Whereas in the previous part we applied the StringIndexer on the column "lab" showing that "bad" is the most frequent label, in this part, we apply it on "value1" column showing that the most frequent label in this case is "12" as its given the value 0. 

In [18]:
from pyspark.ml.feature import OneHotEncoder, StringIndexer
lblIndxr = StringIndexer().setInputCol("color").setOutputCol("colorInd")
colorLab = lblIndxr.fit(simpleDF).transform(simpleDF.select("color"))
ohe = OneHotEncoder().setInputCol("colorInd")
ohe.transform(colorLab).show()

+-----+--------+----------------------------------+
|color|colorInd|OneHotEncoder_278c4e7ab963__output|
+-----+--------+----------------------------------+
|green|     1.0|                     (2,[1],[1.0])|
| blue|     2.0|                         (2,[],[])|
| blue|     2.0|                         (2,[],[])|
|green|     1.0|                     (2,[1],[1.0])|
|green|     1.0|                     (2,[1],[1.0])|
|green|     1.0|                     (2,[1],[1.0])|
|  red|     0.0|                     (2,[0],[1.0])|
|  red|     0.0|                     (2,[0],[1.0])|
|  red|     0.0|                     (2,[0],[1.0])|
|  red|     0.0|                     (2,[0],[1.0])|
|  red|     0.0|                     (2,[0],[1.0])|
|green|     1.0|                     (2,[1],[1.0])|
| blue|     2.0|                         (2,[],[])|
| blue|     2.0|                         (2,[],[])|
|green|     1.0|                     (2,[1],[1.0])|
|green|     1.0|                     (2,[1],[1.0])|
|green|     

The OneHotEncoder maps a categorical feature, represented as a label index, to a binary vector with at most a single one-value indicating the presence of a specific feature value from among the set of all feature values. This encoding allows algorithms which expect continuous features to use categorical features. It is common for string type inputs to encode using StringIndexer first which was done here in this example where we applied it on the column "color" in the table "simpleDF" resulting in the column "colorInd" then the OneHotEncoder was applied resulting in the output column. Since the first part "colorInd" resulted in 3 values {0.0, 1.0, 2.0}, the vector in the output column is of length 2 where (length, position of 1.0, 1.0) hence for 2.0 the last 2 entries in the vector are empty.

In [19]:
from pyspark.ml.feature import RegexTokenizer
rt = RegexTokenizer()\
 .setInputCol("Description")\
 .setOutputCol("DescOut")\
 .setPattern(" ")\
 .setToLowercase(True)
rt.transform(sales.select("Description")).show(20, False)

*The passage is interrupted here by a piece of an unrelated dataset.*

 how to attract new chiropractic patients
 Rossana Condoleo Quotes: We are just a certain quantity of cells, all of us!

+-----------------------------------+------------------------------------------+
|Description                        |DescOut                                   |
+-----------------------------------+------------------------------------------+
|RABBIT NIGHT LIGHT                 |[rabbit, night, light]                    |
|DOUGHNUT LIP GLOSS                 |[doughnut, lip, gloss]                    |
|12 MESSAGE CARDS WITH ENVELOPES    |[12, message, cards, with, envelopes]     |
|BLUE HARMONICA IN BOX              |[blue, harmonica, in, box]                |
|GUMBALL COAT RACK                  |[gumball, coat, rack]                     |
|SKULLS  WATER TRANSFER TATTOOS     |[skulls, water, transfer, tattoos]        |
|FELTCRAFT GIRL AMELIE KIT          |[feltcraft, girl, amelie, kit]            |
|CAMOUFLAGE LED TORCH               |[camouflage, led, torch]                  |
|WHITE SKULL HOT WATER BOTTLE       |[white, skull, hot, water, bottle]        |
|ENGLISH ROSE HOT WATER BOTT

Tokenization is the process of taking text (such as a sentence) and breaking it into individual terms (usually words). A simple Tokenizer class provides this functionality. RegexTokenizer allows more advanced tokenization based on regular expression (regex) matching. In our example, the pattern given to the Tokenizer is the " ", hence the output contains all the space seperated words in the column "Description" for each entry. 

In [20]:
from pyspark.ml.feature import ChiSqSelector, Tokenizer
tkn = Tokenizer().setInputCol("Description").setOutputCol("DescOut")
tokenized = tkn\
 .transform(sales.select("Description", "CustomerId"))\
 .where("CustomerId IS NOT NULL")
prechi = fittedCV.transform(tokenized)\
 .where("CustomerId IS NOT NULL")
chisq = ChiSqSelector()\
 .setFeaturesCol("countVec")\
 .setLabelCol("CustomerId")\
 .setNumTopFeatures(2)
chisq.fit(prechi).transform(prechi)\
 .drop("customerId", "Description", "DescOut").show()

NameError: name 'fittedCV' is not defined

(depends on fitting the model to the dataframe)